A billionaire legal activist who had a major role in crafting the Supreme Court's conservative supermajority, ultimately leading to the reversal of Roe v. Wade, has big plans to reshape American culture.
Federalist Society co-chairman Leonard Leo, who advised President-elect Donald Trump during his first term, is responsible for one-third of the justices on the Supreme Court. He's been linked to Project 2025 and works with a network of powerful nonprofits that promote "traditional values." He also "anticipates to exert more conservative influence" under a second Trump presidency, NPR reported.
Want to get caught up on what's happening in SoCal every weekday afternoon? Click to follow The L.A. Local wherever you get podcasts.
Specifically, Leo plans to "crush liberal dominance" of American culture.

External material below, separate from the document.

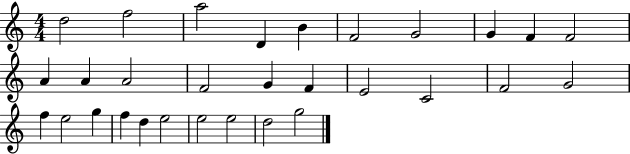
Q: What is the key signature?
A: C major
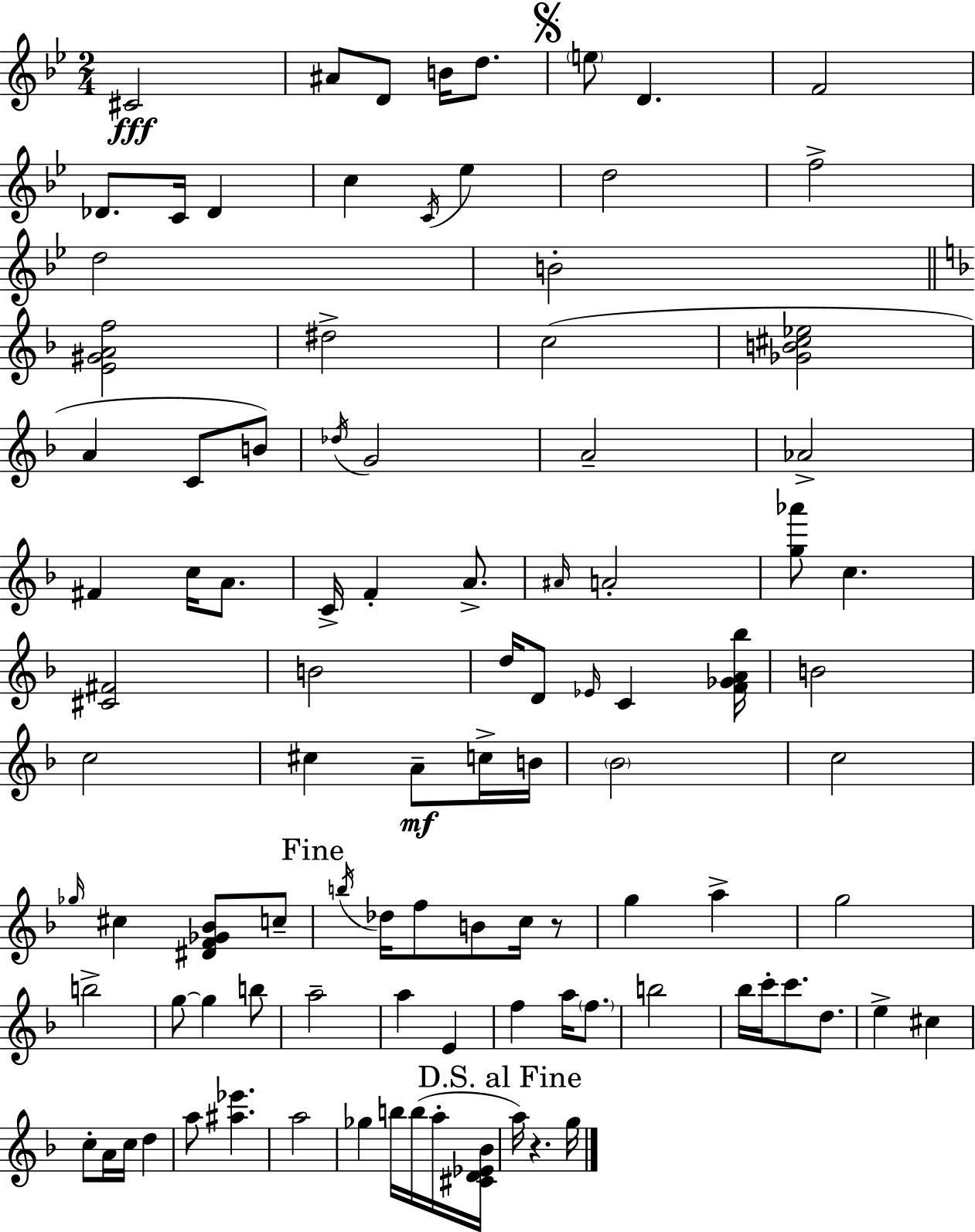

It's a claim he previously made in a private video for donors of the Teneo Network, which aims to "recruit, connect, and deploy talented conservatives who lead opinion and shape the industries that shape society." According to ProPublica, Leo is building "networks of conservatives that can roll back" liberal influence and fight the "woke-ism" in Wall Street, Silicon Valley and Hollywood.
And he's not backing down, telling NPR that it's "very important" to create networks of driven, strategic people in all sectors of American life "who are looking for opportunities to inject their traditional values and the Western cultural tradition into other aspects of American social and cultural life."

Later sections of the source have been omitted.